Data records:
-------------------------

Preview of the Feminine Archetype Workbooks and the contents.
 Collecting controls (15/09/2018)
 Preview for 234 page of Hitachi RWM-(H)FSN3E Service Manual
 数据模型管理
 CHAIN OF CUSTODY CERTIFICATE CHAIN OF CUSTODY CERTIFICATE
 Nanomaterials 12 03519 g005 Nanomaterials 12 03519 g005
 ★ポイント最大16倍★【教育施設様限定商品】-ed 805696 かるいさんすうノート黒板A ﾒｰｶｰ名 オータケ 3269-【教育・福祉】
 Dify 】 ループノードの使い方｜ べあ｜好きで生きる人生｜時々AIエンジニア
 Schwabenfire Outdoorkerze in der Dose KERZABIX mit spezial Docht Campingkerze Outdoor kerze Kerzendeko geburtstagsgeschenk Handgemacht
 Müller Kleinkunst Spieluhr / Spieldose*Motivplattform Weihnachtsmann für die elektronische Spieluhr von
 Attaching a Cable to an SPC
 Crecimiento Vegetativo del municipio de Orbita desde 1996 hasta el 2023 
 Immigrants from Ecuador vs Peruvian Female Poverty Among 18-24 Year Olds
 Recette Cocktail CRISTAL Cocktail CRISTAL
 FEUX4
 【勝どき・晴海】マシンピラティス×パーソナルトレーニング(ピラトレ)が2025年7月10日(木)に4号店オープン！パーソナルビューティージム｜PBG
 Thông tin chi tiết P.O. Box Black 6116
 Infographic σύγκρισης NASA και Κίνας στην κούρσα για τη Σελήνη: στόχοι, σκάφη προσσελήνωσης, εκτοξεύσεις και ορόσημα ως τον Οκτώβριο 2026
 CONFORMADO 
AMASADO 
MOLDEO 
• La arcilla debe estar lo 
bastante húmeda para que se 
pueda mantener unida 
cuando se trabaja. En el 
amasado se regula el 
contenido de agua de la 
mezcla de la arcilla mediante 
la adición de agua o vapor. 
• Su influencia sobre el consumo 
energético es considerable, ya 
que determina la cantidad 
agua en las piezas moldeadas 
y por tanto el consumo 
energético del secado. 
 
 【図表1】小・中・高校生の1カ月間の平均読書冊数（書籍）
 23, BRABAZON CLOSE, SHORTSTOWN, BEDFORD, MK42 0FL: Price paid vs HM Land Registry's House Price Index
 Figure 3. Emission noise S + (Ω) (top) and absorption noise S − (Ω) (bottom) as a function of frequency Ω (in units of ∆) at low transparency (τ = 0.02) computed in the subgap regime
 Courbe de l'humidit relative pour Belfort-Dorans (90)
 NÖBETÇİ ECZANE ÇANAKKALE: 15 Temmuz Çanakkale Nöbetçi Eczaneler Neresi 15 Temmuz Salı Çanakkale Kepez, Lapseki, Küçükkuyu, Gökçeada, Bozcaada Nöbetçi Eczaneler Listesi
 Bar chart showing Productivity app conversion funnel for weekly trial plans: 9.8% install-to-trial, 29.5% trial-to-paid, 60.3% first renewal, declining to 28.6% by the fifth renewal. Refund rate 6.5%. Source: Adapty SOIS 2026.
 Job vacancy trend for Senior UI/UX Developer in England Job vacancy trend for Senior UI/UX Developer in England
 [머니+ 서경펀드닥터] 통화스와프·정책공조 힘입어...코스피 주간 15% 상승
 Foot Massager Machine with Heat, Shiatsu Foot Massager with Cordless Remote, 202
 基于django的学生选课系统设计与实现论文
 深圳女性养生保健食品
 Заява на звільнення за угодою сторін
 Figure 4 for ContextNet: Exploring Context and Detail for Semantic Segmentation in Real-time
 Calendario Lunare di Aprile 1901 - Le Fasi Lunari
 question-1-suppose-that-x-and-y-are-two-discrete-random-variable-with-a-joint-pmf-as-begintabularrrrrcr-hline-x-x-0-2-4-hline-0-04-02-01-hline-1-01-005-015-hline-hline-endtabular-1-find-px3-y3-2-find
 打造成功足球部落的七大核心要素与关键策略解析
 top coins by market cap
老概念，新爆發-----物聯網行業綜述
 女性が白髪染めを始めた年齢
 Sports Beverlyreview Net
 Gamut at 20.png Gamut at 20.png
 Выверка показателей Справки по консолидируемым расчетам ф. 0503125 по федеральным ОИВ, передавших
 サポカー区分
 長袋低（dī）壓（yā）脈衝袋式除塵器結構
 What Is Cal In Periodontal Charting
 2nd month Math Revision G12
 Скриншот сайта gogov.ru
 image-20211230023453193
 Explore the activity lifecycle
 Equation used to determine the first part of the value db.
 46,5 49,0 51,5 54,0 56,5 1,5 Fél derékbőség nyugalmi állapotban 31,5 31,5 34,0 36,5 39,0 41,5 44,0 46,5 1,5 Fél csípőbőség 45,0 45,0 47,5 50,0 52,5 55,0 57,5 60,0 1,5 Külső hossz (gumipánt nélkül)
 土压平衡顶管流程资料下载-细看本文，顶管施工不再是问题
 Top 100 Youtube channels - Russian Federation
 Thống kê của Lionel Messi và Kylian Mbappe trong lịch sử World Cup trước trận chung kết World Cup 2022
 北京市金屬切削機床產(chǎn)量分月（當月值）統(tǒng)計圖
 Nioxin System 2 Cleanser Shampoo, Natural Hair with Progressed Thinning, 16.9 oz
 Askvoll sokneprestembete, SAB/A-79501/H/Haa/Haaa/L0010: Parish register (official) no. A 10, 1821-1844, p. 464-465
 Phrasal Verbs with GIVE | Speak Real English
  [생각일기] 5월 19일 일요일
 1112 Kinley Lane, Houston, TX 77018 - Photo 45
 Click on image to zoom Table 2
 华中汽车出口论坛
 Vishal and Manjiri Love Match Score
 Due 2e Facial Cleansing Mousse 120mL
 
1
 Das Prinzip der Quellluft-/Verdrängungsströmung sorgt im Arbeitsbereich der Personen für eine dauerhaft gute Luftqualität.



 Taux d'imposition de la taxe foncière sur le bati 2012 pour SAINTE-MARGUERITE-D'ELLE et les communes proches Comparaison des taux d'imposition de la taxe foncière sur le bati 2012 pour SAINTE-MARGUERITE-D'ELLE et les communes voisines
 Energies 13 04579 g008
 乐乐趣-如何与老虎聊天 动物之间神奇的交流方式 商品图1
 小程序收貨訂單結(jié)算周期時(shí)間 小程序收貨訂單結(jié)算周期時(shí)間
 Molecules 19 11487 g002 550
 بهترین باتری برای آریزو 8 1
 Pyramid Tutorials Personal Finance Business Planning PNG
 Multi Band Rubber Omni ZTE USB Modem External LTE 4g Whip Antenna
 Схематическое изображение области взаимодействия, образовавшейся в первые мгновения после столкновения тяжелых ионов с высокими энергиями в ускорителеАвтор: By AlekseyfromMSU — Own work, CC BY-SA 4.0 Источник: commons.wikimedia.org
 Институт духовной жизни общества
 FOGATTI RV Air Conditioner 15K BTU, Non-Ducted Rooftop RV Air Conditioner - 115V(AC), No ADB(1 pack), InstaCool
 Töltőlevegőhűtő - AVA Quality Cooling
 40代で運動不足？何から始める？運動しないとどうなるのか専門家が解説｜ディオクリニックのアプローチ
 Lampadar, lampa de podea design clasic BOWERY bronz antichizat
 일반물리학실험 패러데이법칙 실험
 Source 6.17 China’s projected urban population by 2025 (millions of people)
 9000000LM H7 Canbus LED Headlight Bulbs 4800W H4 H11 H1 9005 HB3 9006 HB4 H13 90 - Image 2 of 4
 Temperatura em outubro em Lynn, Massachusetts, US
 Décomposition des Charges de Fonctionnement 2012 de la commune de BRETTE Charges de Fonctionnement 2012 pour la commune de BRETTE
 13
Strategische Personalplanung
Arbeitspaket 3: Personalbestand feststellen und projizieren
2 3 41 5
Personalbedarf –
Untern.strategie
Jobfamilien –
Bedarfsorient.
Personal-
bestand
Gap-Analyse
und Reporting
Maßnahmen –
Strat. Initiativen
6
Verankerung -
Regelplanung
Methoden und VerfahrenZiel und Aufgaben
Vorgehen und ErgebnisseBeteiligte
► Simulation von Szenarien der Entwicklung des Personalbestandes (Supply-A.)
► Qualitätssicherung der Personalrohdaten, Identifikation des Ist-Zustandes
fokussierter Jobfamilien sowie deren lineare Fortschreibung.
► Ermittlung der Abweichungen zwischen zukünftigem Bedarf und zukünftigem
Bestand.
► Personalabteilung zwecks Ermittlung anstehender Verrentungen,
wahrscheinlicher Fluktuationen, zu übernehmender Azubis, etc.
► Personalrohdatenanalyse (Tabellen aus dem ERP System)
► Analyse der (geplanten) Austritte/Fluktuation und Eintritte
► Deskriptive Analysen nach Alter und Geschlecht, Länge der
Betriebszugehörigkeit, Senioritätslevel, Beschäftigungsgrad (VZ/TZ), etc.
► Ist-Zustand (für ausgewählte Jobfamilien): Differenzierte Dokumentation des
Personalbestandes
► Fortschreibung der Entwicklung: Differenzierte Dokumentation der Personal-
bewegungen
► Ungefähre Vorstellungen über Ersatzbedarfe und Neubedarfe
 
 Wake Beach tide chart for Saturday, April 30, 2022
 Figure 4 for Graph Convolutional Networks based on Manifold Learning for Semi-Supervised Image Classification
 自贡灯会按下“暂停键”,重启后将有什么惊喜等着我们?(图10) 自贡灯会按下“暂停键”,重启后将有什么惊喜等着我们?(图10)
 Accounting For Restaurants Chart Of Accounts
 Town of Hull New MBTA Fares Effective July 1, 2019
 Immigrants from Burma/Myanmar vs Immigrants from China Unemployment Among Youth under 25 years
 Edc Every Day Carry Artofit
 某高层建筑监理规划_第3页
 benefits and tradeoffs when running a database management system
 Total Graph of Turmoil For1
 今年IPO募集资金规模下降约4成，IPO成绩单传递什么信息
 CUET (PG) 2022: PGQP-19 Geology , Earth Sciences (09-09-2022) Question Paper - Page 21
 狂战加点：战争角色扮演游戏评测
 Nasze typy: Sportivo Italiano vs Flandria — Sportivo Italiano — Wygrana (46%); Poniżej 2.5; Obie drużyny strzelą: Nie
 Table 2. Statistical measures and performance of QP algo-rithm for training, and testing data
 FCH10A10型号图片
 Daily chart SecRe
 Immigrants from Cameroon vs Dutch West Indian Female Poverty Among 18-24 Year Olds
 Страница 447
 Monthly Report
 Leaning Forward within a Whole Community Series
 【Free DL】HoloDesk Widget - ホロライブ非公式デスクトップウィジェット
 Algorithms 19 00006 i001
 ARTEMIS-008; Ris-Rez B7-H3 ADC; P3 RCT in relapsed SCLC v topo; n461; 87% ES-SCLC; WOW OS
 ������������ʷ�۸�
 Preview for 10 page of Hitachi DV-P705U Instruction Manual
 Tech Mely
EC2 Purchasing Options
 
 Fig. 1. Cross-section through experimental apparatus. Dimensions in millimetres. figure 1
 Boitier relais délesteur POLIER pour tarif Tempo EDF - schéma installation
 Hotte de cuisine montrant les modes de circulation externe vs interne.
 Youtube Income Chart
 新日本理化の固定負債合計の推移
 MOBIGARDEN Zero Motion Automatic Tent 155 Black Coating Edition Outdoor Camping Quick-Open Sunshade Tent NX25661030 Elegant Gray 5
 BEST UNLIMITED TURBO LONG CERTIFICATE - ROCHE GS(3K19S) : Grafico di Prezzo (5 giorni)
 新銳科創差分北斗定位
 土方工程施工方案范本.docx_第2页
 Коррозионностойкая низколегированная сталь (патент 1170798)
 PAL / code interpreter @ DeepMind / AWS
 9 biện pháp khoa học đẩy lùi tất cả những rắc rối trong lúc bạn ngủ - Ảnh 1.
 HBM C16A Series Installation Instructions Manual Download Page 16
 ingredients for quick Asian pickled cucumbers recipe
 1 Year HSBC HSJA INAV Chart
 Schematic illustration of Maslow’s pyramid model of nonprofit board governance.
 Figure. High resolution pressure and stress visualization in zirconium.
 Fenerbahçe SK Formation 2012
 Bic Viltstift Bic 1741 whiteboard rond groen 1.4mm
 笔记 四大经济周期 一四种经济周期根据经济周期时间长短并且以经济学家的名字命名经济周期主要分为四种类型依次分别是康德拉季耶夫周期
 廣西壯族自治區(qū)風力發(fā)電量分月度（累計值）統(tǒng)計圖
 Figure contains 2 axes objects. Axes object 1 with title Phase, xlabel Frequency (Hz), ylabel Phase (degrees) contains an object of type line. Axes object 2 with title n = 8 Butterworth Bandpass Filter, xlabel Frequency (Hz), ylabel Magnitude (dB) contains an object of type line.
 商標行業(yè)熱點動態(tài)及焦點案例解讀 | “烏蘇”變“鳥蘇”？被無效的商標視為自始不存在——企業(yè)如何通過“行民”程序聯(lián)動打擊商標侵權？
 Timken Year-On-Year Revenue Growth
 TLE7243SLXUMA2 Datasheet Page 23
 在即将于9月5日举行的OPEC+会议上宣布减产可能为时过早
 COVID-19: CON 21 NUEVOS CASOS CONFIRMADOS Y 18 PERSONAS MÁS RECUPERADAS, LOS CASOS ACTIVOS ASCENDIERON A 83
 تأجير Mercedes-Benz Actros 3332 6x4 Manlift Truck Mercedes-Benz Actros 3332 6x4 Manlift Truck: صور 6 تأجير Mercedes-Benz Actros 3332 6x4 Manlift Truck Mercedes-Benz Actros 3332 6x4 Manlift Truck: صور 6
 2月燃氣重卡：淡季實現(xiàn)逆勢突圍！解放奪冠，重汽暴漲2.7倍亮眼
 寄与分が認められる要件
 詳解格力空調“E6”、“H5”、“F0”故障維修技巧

-------------------------

## Work task
Your answer must be the lines from the first line of the entries above through the line that contains "Crecimiento Vegetativo del", written out exactly.

## Answer for the task
Preview of the Feminine Archetype Workbooks and the contents.
 Collecting controls (15/09/2018)
 Preview for 234 page of Hitachi RWM-(H)FSN3E Service Manual
 数据模型管理
 CHAIN OF CUSTODY CERTIFICATE CHAIN OF CUSTODY CERTIFICATE
 Nanomaterials 12 03519 g005 Nanomaterials 12 03519 g005
 ★ポイント最大16倍★【教育施設様限定商品】-ed 805696 かるいさんすうノート黒板A ﾒｰｶｰ名 オータケ 3269-【教育・福祉】
 Dify 】 ループノードの使い方｜ べあ｜好きで生きる人生｜時々AIエンジニア
 Schwabenfire Outdoorkerze in der Dose KERZABIX mit spezial Docht Campingkerze Outdoor kerze Kerzendeko geburtstagsgeschenk Handgemacht
 Müller Kleinkunst Spieluhr / Spieldose*Motivplattform Weihnachtsmann für die elektronische Spieluhr von
 Attaching a Cable to an SPC
 Crecimiento Vegetativo del municipio de Orbita desde 1996 hasta el 2023 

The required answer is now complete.